_Data under study_
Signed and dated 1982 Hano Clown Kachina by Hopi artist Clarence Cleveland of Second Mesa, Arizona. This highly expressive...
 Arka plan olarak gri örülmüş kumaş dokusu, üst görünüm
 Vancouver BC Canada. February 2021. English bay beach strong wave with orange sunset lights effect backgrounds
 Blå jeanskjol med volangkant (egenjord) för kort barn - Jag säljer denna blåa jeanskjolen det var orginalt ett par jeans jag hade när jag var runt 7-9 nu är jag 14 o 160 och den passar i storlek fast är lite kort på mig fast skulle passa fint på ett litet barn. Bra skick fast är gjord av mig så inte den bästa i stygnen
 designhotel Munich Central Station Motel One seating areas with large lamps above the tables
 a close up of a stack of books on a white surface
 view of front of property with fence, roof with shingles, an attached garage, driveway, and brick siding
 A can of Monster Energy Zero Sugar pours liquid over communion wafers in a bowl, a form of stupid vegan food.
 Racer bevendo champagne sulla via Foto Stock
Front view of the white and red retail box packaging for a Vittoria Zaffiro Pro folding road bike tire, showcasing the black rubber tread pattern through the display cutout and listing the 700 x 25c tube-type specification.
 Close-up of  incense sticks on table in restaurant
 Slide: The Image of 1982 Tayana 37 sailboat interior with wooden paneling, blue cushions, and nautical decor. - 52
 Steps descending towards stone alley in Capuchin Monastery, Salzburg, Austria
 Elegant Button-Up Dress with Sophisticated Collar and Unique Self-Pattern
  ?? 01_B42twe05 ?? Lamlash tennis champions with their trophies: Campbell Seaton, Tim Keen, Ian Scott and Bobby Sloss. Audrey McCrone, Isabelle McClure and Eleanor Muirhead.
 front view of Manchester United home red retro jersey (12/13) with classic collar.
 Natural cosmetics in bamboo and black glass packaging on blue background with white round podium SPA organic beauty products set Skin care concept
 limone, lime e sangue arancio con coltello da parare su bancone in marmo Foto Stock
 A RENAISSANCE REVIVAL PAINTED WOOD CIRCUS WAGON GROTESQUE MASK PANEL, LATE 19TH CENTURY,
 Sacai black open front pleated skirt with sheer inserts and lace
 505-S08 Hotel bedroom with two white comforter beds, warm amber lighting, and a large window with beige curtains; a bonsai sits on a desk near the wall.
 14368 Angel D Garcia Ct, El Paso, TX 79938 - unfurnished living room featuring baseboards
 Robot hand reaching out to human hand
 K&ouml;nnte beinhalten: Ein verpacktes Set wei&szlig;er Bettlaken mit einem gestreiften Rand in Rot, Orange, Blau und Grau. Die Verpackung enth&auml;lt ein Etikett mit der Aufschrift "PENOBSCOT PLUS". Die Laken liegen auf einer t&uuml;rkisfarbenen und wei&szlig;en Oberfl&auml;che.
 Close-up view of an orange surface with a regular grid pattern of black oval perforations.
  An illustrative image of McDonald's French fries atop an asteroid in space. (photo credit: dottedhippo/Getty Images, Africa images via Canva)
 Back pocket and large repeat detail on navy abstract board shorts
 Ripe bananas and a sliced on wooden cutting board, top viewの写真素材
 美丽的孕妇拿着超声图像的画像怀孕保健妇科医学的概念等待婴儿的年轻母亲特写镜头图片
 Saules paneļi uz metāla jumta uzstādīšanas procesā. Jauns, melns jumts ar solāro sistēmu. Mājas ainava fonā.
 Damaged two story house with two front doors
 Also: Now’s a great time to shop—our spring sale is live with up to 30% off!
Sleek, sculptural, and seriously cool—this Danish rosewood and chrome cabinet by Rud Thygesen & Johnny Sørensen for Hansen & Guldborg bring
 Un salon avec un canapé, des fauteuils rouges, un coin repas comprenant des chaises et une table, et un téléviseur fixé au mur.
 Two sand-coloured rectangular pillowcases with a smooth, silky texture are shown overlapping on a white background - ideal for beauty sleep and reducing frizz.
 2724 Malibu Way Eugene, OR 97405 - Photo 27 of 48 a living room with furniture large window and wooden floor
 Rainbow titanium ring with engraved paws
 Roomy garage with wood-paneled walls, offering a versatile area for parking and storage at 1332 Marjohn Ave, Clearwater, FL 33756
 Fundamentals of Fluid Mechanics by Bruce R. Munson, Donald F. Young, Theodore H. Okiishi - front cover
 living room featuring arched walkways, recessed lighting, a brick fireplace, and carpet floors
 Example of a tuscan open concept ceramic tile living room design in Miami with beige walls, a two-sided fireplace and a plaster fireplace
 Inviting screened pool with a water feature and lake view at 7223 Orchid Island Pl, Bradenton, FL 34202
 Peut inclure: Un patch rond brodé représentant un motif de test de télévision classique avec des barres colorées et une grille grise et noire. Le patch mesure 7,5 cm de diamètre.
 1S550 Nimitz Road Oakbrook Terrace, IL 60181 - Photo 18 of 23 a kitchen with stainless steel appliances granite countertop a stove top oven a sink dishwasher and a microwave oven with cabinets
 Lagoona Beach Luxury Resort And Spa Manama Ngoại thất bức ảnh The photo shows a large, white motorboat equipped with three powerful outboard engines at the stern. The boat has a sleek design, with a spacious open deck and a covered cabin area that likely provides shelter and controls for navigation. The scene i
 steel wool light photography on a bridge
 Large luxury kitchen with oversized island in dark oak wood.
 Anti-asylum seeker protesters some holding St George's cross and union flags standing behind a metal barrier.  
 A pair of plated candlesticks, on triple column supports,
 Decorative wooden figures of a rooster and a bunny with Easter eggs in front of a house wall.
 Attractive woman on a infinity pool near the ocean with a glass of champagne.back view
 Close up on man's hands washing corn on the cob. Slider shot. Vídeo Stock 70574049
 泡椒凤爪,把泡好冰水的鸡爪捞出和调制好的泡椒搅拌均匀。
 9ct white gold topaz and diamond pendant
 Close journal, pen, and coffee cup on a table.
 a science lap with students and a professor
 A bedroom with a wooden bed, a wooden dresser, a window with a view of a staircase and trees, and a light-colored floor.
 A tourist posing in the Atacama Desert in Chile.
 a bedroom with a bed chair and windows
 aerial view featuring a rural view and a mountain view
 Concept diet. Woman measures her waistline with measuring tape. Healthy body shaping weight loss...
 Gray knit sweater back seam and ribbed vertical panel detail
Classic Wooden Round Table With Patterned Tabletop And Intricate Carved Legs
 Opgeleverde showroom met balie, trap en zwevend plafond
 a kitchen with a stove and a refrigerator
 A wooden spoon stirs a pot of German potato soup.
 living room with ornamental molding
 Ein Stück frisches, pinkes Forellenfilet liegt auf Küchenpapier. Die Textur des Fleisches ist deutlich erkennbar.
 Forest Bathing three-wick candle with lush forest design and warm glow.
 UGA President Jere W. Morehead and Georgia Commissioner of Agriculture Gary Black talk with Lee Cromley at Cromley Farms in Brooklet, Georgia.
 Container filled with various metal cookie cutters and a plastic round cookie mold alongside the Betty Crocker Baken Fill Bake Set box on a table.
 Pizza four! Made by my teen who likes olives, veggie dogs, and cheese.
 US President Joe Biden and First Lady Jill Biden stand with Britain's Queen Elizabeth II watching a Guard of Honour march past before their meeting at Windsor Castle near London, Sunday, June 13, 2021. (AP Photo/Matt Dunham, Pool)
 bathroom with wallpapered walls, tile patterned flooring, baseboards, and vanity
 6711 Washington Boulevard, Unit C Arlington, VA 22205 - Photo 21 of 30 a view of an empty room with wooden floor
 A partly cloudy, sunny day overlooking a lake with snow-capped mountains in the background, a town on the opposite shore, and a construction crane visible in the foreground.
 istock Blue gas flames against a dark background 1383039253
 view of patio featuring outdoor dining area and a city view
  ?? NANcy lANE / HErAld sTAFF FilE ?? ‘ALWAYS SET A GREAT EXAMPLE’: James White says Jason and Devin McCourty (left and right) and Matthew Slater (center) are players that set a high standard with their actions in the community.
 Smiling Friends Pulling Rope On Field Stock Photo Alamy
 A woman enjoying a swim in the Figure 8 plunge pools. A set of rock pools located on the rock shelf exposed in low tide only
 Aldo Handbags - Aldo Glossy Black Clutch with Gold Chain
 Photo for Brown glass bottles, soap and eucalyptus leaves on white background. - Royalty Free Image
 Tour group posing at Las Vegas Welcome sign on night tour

_Your instructions_
State, with no accompanying text, how many lines of the material contain the string "surface".

_Written solution_
2